That would truly be the best outcome possible -- that LastPass sent out "Someone just used your master password" emails incorrectly i.e. those were false positives.
They are saying it’s just a credential stuffing attack and being that my master passphrase is only used for LastPass I’m hoping that is all that is going on. Their statement does say “It’s important to note that, at this time, we do not have any indication that accounts were successfully accessed” but I would still like confirmation the emails were sent even on invalid attempts.
But if your master passphrase is only used for LastPass (as is exactly my case -- I've never used it elsewhere), how can it can be credential stuffing? Or was the password breached from LastPass itself in the past? That's possible, but then it doesn't jell with people having this same issue with accounts created in November 2021.

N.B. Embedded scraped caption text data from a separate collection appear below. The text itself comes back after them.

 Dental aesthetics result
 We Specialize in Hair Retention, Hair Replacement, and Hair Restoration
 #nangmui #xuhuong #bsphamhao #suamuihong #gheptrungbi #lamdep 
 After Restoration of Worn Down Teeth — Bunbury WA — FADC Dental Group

As far as I can tell, the "Someone just used your master password to try to log in to your account from a device or location we didn't recognize" email we all received was only sent when a correct password was used. Incorrect passwords did not trigger that email.

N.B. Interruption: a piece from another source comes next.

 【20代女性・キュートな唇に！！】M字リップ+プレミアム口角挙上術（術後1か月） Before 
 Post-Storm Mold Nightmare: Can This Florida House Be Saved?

But yes, it would be great to learn that those emails were sent incorrectly i.e. it was a false positive (i.e. someone tried to login with a wrong password, but the email above was sent anyway). It's still not great that the wrong kind of email was sent, but that would be a low level bug.
I was never able to successfully trigger the false positive last night but I believe the most recent explanation from LastPass is in line with what I have been seeing. Intermittent false positive emails.
Yeah, just saw their new announcement (thanks for doing those tests yesterday by the way!)
I don't know how much to read into their use of "some" and "likely" i.e. "some of these security alerts, which were sent to a limited subset of LastPass users, were likely triggered in error"
I would want to know whether they can demonstrate that wrong passwords were used in this attack. And have an explanation for those users who received the email a 2nd time after changing their passwords.